Основное положение Толмена сводится к тому, что он признает интроспекцию только в этой второй ее форме, которую интроспекционисты отвергали как метод психологии и от которой они стремились отмежевать свою чистую методическую интроспекцию, и отвергает эту последнюю.
Отличительная особенность обыденной интроспекции, простого отчета как высказывания (Kundgabe) заключается, с точки зрения Толмена, в том, что она не дает, не сообщает слушателю по существу ничего помимо того, что может быть дано поведением. «Это значит, что вместо того, чтобы интроспектировать и сообщать, о чем он думал, интроспектирующий мог бы (во всяком случае теоретически) выразить свои мысли в актуальном поведении». Единственное дополнительное условие, необходимое для интроспекции, это, с точки зрения Толмена, чувствительность к социальным отношениям (sensibility to social relationsship). Но интроспекция не могла бы при всем том доставить слушателю ничего сверх того, что он мог бы извлечь из поведения; она не содержит ничего характеризующего содержание сознания как таковое. Первый же вид интроспекции — это «чистая выдумка, иллюзия, ничего — нечто, что никогда не имело и не может иметь места». И основание, в силу которого это утверждается, заключается в том, что вообще не существует или, во всяком случае, для науки не может, с точки зрения Толмена, существовать ничего внутреннего, субъективного — nothing «inside» private and mentalistic.

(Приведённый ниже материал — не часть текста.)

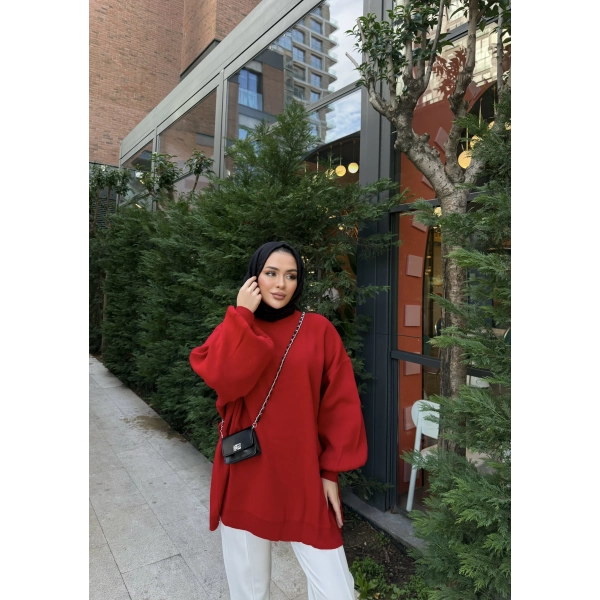 Balon Kol Triko Kazak - Kırmızı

Здесь друг другу противостоят две в равной мере несостоятельные концепции. Бесспорно ошибочна прежде всего первая — традиционная интроспективная концепция. В основе ее лежала ложная предпосылка, что психический процесс или явление сознания может быть однозначно определено помимо и вне его отношения к независимому от него объекту. В действительности же в «чистой» своей непосредственности, будучи вовсе выключено из предметной отнесенности (что реально невозможно), явление сознания было бы вовсе неопределимо, так как лишь эта предметная отнесенность вычленяет его ив мистической туманности чистого переживания.
Но не менее ошибочна и позиция бихевиоризма, который в противовес отрыву внутреннего, субъективного от внешнего, объективного пытается свести первое ко второму, то есть вовсе отрицать внутреннее, субъективное. Тем самым бихевиоризм в конечном счете приводит к отрыву внешнего, объективного от внутреннего, субъективного. Между тем в действительности акт человеческого поведения не определим однозначно вне его отношения к психике, к сознанию. Однако это единство не есть тождество, позволяющее свести одно к другому.

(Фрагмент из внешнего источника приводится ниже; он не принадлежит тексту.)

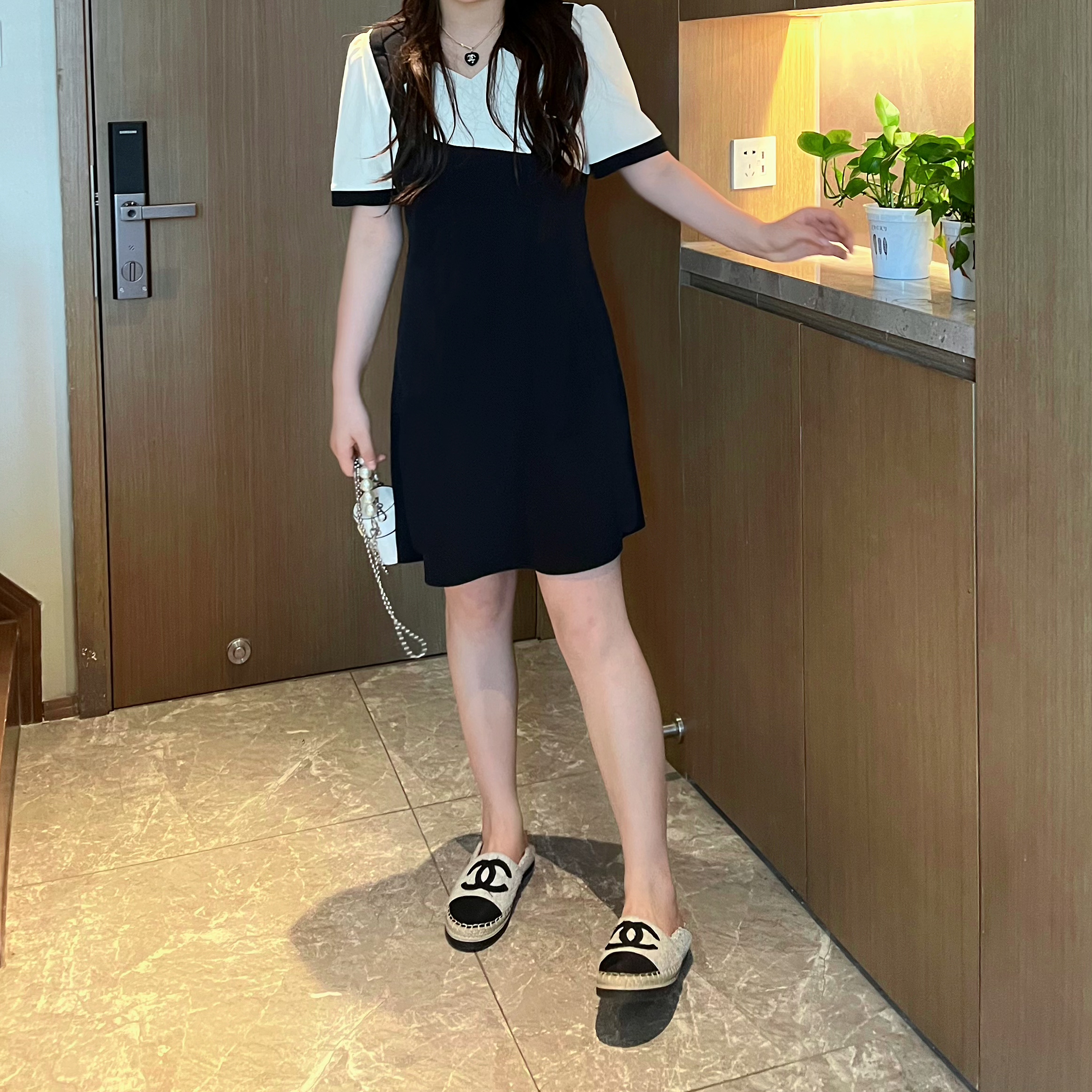 NANXU/楠序源子【比例天才】微胖女装2023夏季大码胖mm连衣裙YZ7979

Если в заключение окинуть единым взором все построение Толмена, получается очень поучительная картина, особенно если сопоставить его концепцию с исходными положениями Уотсона.
Прежде всего можно констатировать, что изучение поведения с внутренней неизбежностью приводит к признанию недостаточности и неадекватности исходной схемы «стимул — реакция», так как явно невозможным оказывается установление однозначной зависимости непосредственно между стимулами и реакциями. Однозначное определение не физиологической реакции, а подлинного акта поведения требует включения других — психологических — «детерминант». Вне соотношения с психологическими данными акт поведения не может быть однозначно определен. Это первый существенный вывод, который вынужден был признать бихевиоризм Толмена.
Второе, не менее существенное положение, к которому пришел бихевиоризм у Толмена, заключается в том, что основные понятия психологии сознания не могут и не должны быть устранены, но они должны и могут быть по-иному, объективно, определены. Весь вопрос в том, как это реализовать. В том, как это положение реализует Толмен, сказывается порочность бихевиористической концепции, из которой он исходит. Толмен правомерно требует, чтобы психологические понятия были определяемы функционально, исходя из объективных данных поведения. Но при этом он утверждает не единство внешнего и внутреннего, поведения и сознания, а сводимость второго к первому. Он утверждает, что сознание не вносит ничего нового, качественно отличного, что интроспекция ничего не может изменить в поведении.